=== What is expected ===
Starting at the line that contains "Angular 17 is" and stopping after the line that contains "Hi Internet. Today", transcribe the listing below exactly; do not include any pictures.

=== Material provided ===
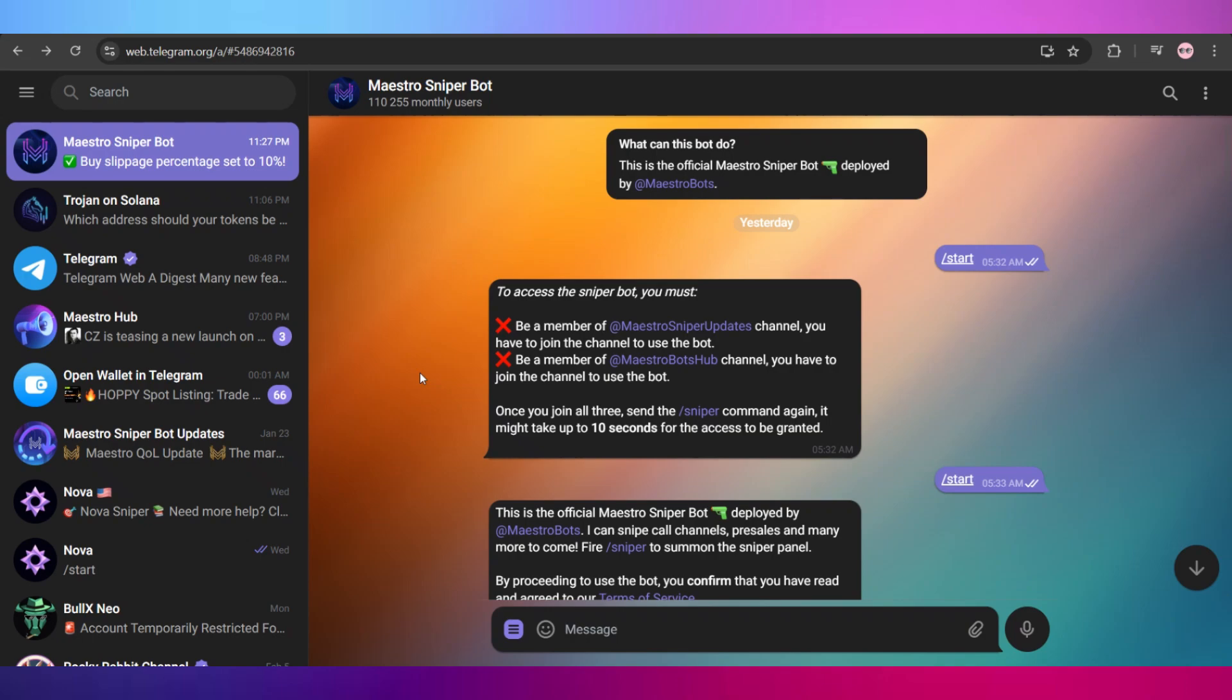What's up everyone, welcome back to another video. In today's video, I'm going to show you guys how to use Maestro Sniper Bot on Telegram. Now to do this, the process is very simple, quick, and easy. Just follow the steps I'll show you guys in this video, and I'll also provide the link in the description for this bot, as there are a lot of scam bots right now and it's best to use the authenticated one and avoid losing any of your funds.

* * *

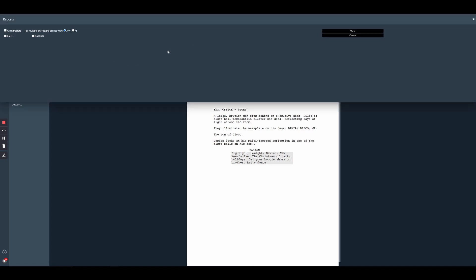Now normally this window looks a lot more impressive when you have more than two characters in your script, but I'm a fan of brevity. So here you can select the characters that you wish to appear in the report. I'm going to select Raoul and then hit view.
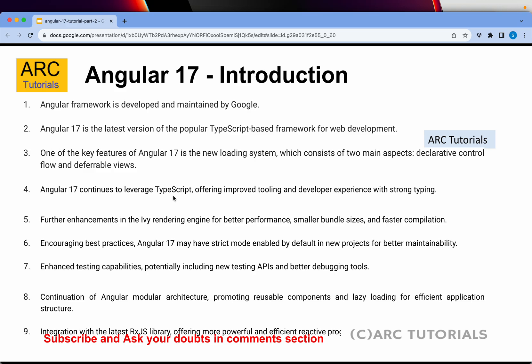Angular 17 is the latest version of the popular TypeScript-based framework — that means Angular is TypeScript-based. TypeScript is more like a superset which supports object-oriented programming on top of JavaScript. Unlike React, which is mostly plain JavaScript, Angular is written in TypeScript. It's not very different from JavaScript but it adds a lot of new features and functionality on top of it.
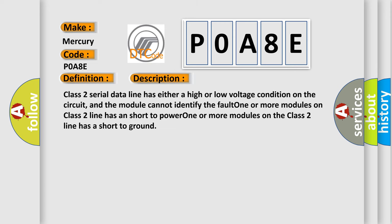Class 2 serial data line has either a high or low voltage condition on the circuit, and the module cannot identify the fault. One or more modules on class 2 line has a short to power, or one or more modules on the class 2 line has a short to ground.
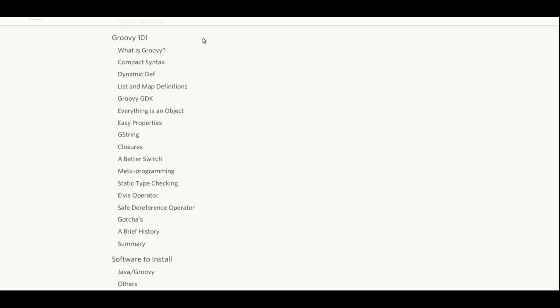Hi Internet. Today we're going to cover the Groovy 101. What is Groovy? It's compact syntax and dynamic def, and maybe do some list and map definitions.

=== Your response ===
Angular 17 is the latest version of the popular TypeScript-based framework — that means Angular is TypeScript-based. TypeScript is more like a superset which supports object-oriented programming on top of JavaScript. Unlike React, which is mostly plain JavaScript, Angular is written in TypeScript. It's not very different from JavaScript but it adds a lot of new features and functionality on top of it.
Class 2 serial data line has either a high or low voltage condition on the circuit, and the module cannot identify the fault. One or more modules on class 2 line has a short to power, or one or more modules on the class 2 line has a short to ground.
Hi Internet. Today we're going to cover the Groovy 101. What is Groovy? It's compact syntax and dynamic def, and maybe do some list and map definitions.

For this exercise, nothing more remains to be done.